# Distributed File Systems
We look at very large scale data processing techniques with the following characteristics
- massive amounts of data
- mostly read (OLAP) workload
- efficiency (data propcessed per second) over consistency
- separating storage and computation
Let's say we want to process a data file of size 1TB. This will take ~1 hour to read from SSD (~500MB/s) and ~2.5 hours to read from HDD (~150MB/s). Since the data storage medium is a bottleneck, we might want to use multiple disks to support parallel reads. But on a single machine there is bus limitation. So we might want to use *N* machines with *K* disks. This would be cost-efficient using cheap machines but hard to program
## File System
A file system stores files (data), along with their metadata (name, access permission, timestamps, file size, location of data blocks) in a data structure called *inodes* (index nodes)
One machine can have many disks. How should files be stored across disks?
### RAID: redundant array of independent disks
RAID is a data storage virtualization technique that combines multiple physical disk drive components into one or more logical units for the purposes of data redundancy and/or performance improvement.

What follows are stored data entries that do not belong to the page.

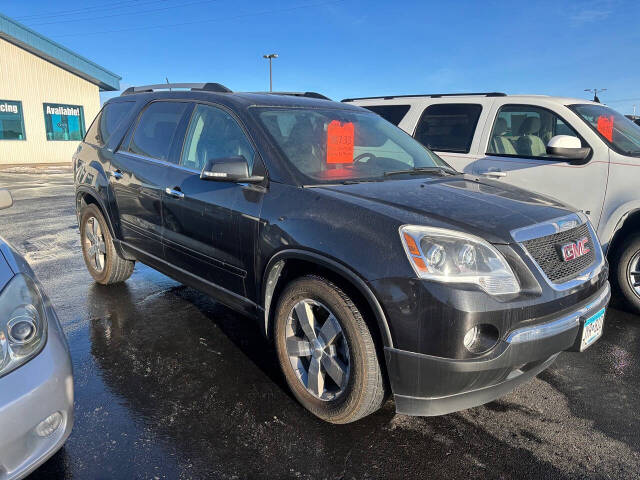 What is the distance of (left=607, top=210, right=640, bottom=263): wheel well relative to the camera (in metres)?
4.33

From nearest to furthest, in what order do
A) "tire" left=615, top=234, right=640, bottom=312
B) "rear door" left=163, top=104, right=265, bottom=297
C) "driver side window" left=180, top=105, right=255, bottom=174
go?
"rear door" left=163, top=104, right=265, bottom=297 → "driver side window" left=180, top=105, right=255, bottom=174 → "tire" left=615, top=234, right=640, bottom=312

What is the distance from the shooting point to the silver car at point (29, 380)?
1721 mm

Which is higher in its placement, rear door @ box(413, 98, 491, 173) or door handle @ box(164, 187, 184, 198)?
rear door @ box(413, 98, 491, 173)

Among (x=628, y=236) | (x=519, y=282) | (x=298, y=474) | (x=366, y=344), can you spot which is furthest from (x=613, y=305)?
(x=298, y=474)

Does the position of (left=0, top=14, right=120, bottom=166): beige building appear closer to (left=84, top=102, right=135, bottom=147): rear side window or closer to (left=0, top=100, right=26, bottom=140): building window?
(left=0, top=100, right=26, bottom=140): building window

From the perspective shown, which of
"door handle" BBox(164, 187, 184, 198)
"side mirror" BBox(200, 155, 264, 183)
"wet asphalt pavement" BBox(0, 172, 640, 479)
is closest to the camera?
"wet asphalt pavement" BBox(0, 172, 640, 479)

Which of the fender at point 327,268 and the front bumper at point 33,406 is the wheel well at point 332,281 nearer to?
the fender at point 327,268

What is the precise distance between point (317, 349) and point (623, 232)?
11.2ft

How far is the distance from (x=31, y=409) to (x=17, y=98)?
25.0 m

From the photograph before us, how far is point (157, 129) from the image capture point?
404 centimetres

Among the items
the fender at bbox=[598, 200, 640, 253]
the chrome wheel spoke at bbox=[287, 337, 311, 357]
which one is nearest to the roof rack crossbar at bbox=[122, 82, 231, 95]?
the chrome wheel spoke at bbox=[287, 337, 311, 357]

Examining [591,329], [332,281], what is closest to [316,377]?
[332,281]

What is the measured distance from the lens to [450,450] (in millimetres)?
2461

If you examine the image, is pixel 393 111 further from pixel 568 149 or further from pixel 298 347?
pixel 298 347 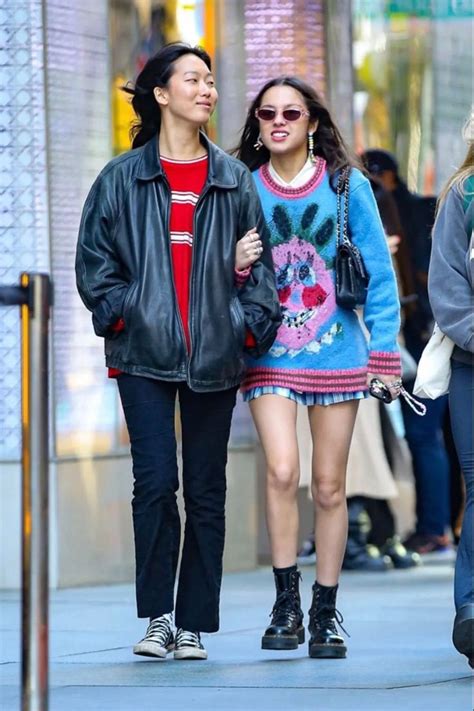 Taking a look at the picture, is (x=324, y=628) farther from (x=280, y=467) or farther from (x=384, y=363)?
(x=384, y=363)

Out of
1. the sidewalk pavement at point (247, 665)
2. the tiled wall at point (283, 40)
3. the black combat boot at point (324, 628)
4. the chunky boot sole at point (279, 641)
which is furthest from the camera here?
the tiled wall at point (283, 40)

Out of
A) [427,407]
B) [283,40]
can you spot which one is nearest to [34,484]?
[283,40]

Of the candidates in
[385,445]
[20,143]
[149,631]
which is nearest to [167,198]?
[149,631]

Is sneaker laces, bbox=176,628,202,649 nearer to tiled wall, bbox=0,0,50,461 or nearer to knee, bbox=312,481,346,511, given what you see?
knee, bbox=312,481,346,511

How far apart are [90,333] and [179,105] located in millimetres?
2748

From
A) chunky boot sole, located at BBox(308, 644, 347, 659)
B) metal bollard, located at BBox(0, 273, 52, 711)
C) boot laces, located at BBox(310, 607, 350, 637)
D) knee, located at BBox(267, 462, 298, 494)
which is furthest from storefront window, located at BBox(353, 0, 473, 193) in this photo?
metal bollard, located at BBox(0, 273, 52, 711)

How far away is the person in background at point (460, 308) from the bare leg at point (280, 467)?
631 mm

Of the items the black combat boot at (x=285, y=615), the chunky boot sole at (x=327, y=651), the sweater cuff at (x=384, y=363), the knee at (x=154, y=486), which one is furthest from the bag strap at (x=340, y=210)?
the chunky boot sole at (x=327, y=651)

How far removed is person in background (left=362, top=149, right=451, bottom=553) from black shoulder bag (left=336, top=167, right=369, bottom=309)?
159 inches

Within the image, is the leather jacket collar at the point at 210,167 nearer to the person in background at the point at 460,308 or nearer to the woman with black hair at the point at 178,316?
the woman with black hair at the point at 178,316

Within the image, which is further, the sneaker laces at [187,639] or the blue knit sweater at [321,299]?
the blue knit sweater at [321,299]

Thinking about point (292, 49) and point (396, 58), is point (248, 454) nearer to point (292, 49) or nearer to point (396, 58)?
point (292, 49)

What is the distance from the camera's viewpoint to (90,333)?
8.78 m

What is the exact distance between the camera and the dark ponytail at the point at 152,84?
6258 millimetres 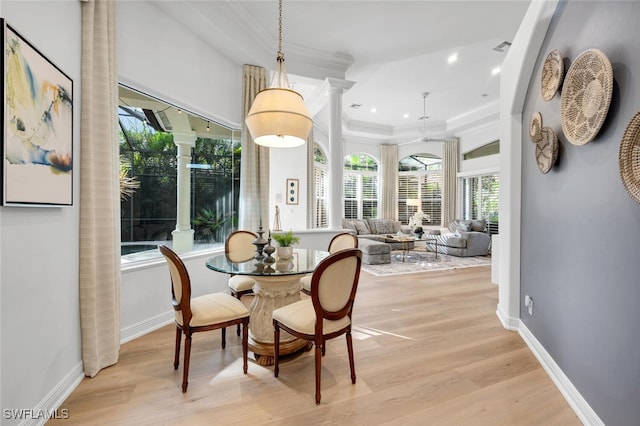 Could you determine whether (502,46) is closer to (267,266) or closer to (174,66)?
(174,66)

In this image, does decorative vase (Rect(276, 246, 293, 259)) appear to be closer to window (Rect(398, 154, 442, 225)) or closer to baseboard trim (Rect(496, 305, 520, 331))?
baseboard trim (Rect(496, 305, 520, 331))

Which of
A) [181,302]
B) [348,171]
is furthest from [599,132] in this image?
[348,171]

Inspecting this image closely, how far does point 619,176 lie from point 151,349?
343cm

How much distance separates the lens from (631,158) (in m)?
1.33

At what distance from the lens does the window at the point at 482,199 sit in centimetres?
830

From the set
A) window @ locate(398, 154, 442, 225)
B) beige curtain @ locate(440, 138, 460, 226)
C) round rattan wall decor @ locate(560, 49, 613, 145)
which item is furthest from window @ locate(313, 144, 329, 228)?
round rattan wall decor @ locate(560, 49, 613, 145)

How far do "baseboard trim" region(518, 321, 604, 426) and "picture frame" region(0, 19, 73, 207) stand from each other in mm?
3289

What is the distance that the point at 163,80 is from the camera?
3.04 meters

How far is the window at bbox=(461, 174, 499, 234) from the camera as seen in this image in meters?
8.30

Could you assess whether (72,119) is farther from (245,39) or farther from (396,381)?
(396,381)

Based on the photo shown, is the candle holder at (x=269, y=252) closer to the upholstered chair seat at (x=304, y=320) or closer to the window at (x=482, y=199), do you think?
the upholstered chair seat at (x=304, y=320)

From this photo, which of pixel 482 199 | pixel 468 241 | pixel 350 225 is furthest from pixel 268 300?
pixel 482 199

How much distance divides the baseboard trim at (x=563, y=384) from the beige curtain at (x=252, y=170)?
10.8ft

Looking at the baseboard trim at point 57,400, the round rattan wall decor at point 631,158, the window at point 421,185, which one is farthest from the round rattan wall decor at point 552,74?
the window at point 421,185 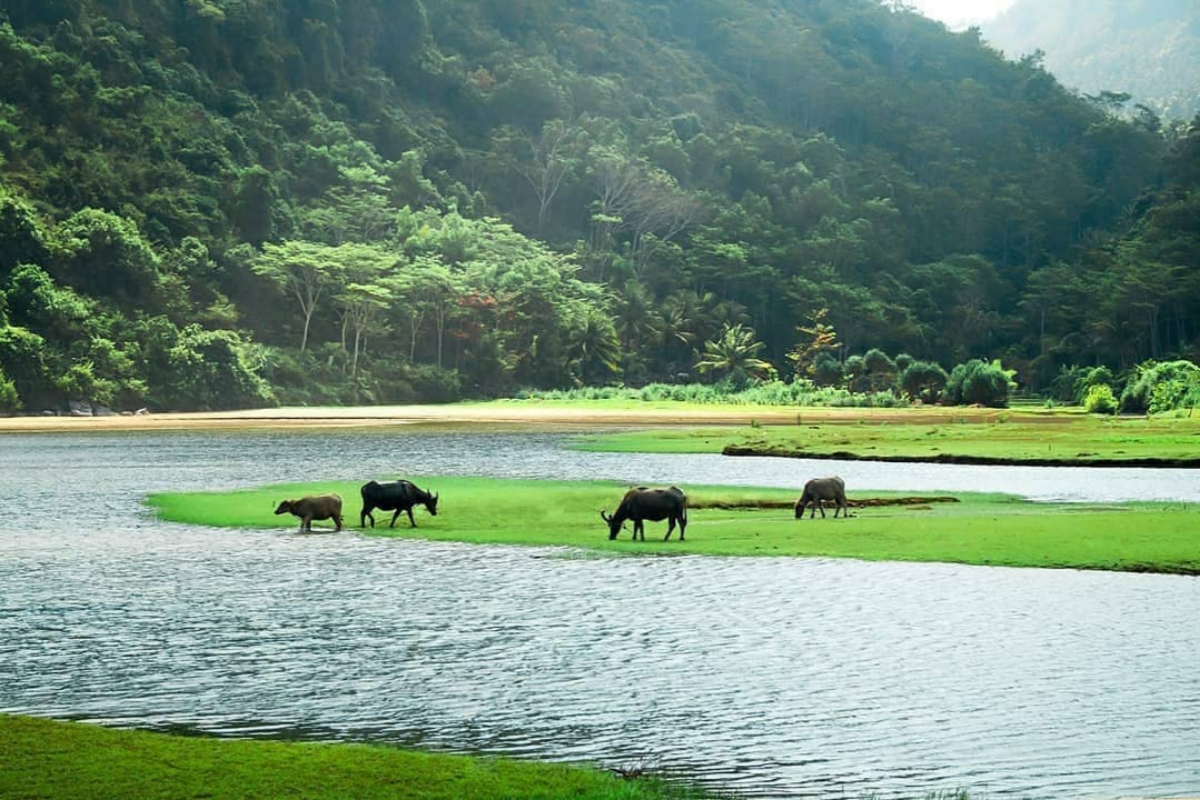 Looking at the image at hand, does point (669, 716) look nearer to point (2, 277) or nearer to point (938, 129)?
point (2, 277)

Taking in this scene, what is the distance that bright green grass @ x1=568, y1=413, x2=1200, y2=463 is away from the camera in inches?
1738

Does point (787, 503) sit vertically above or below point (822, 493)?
below

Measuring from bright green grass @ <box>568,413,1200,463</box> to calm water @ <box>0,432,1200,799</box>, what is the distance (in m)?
25.0

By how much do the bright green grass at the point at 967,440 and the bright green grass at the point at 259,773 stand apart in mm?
35015

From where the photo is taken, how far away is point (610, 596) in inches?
714

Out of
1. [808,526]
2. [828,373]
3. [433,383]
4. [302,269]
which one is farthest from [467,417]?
[808,526]

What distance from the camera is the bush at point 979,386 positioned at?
86625 millimetres

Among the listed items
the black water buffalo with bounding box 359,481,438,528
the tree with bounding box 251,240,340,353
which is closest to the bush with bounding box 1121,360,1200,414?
the black water buffalo with bounding box 359,481,438,528

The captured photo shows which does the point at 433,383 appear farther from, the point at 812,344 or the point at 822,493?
the point at 822,493

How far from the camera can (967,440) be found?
166 feet

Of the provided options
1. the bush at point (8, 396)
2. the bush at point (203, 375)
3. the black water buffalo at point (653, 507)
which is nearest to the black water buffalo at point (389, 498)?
the black water buffalo at point (653, 507)

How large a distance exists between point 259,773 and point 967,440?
43923mm

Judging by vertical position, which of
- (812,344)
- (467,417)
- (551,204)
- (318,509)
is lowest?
(318,509)

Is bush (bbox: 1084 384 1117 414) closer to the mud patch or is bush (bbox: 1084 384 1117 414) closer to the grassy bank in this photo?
the grassy bank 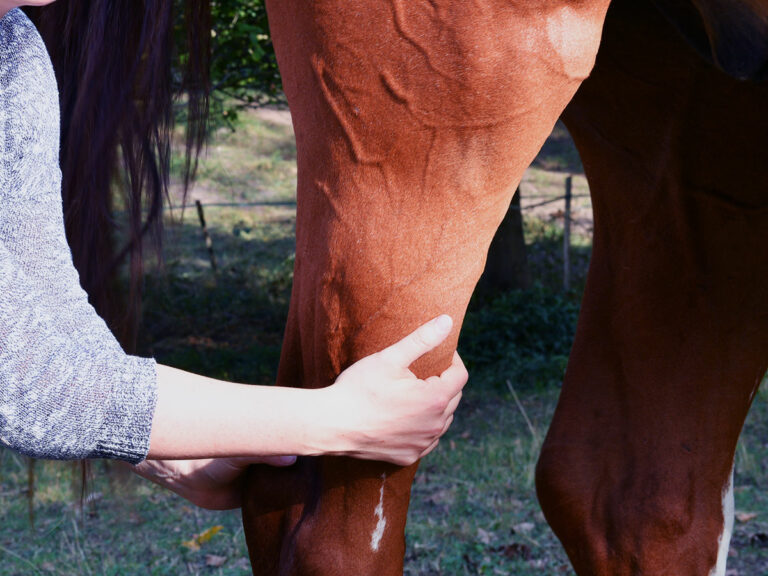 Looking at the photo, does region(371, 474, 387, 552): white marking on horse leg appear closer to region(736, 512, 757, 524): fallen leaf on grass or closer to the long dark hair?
the long dark hair

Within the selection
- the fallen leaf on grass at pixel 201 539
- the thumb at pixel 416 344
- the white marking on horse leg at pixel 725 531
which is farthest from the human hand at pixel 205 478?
the fallen leaf on grass at pixel 201 539

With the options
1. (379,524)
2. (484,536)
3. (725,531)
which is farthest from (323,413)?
(484,536)

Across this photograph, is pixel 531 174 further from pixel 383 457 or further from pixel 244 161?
pixel 383 457

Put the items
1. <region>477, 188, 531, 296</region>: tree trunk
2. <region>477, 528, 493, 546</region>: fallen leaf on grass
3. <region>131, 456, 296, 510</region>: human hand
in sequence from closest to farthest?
1. <region>131, 456, 296, 510</region>: human hand
2. <region>477, 528, 493, 546</region>: fallen leaf on grass
3. <region>477, 188, 531, 296</region>: tree trunk

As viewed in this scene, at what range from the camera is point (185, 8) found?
52.2 inches

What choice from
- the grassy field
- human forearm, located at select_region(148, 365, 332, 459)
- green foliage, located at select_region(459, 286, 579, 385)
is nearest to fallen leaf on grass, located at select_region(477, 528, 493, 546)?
the grassy field

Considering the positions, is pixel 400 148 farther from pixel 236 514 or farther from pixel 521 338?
pixel 521 338

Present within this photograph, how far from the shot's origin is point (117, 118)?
4.10 ft

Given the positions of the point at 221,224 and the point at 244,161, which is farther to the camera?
the point at 244,161

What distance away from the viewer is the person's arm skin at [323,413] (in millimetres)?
816

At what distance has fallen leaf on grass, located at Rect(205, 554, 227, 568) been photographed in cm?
232

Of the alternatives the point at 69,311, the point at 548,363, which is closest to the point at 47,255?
the point at 69,311

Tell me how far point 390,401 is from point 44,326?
1.16 ft

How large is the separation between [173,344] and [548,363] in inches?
87.1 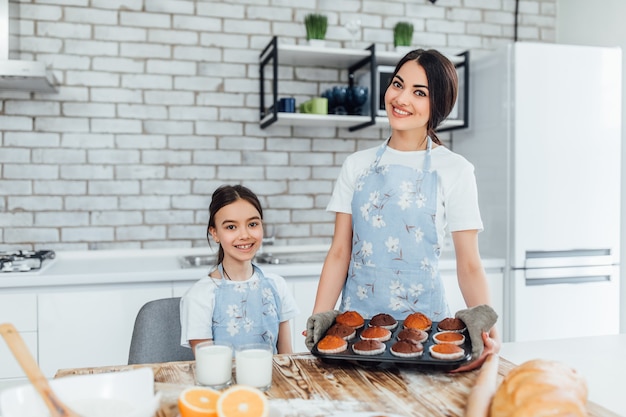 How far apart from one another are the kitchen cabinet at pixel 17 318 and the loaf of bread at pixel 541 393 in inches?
84.1

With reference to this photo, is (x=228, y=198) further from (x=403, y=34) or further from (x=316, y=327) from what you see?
(x=403, y=34)

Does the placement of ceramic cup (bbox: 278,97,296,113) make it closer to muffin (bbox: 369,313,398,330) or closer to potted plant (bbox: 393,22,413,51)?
potted plant (bbox: 393,22,413,51)

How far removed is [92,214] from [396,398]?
248cm

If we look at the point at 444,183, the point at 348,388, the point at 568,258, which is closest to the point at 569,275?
the point at 568,258

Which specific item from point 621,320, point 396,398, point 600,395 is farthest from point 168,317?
point 621,320

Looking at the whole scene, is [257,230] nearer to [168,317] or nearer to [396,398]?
[168,317]

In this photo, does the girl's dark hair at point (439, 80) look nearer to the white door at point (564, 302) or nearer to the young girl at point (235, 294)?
the young girl at point (235, 294)

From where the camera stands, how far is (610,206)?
326 cm

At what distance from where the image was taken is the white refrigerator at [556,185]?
10.4ft

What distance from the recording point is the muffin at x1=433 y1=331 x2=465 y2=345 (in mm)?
1283

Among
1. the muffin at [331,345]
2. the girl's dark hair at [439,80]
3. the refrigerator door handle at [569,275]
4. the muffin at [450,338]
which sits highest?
the girl's dark hair at [439,80]

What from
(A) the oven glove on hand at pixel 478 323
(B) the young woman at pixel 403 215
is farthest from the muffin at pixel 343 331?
(B) the young woman at pixel 403 215

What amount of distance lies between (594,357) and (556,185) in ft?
6.07

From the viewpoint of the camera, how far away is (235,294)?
1.81m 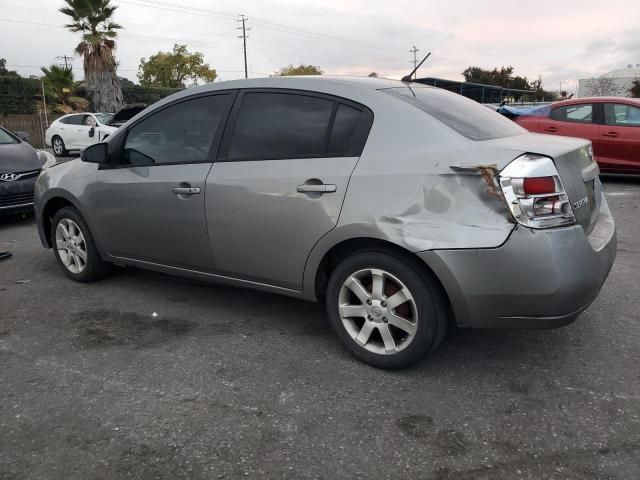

Different RAID levels provide different balance among the key goals of availability, fault tolerance, performance and capacity.
**RAID 0 (striping)**
- Data is striped across multiple disks --> better read/write performace
- No redundancy or fault tolerate (data loss will occur if a single disk fails)
**RAID 1 (Mirroring)**
- Data is duplicated across two or more disks, providing fault tolerance through redundancy
- Improves read performance but needs more storage and slower writes
**RAID 5 (Striping with parity)**
- Data and parity information (the XOR of data chunks across disks) are striped across at least three disks
- Improves read performance fault tolerance (can handle 1 disk failure)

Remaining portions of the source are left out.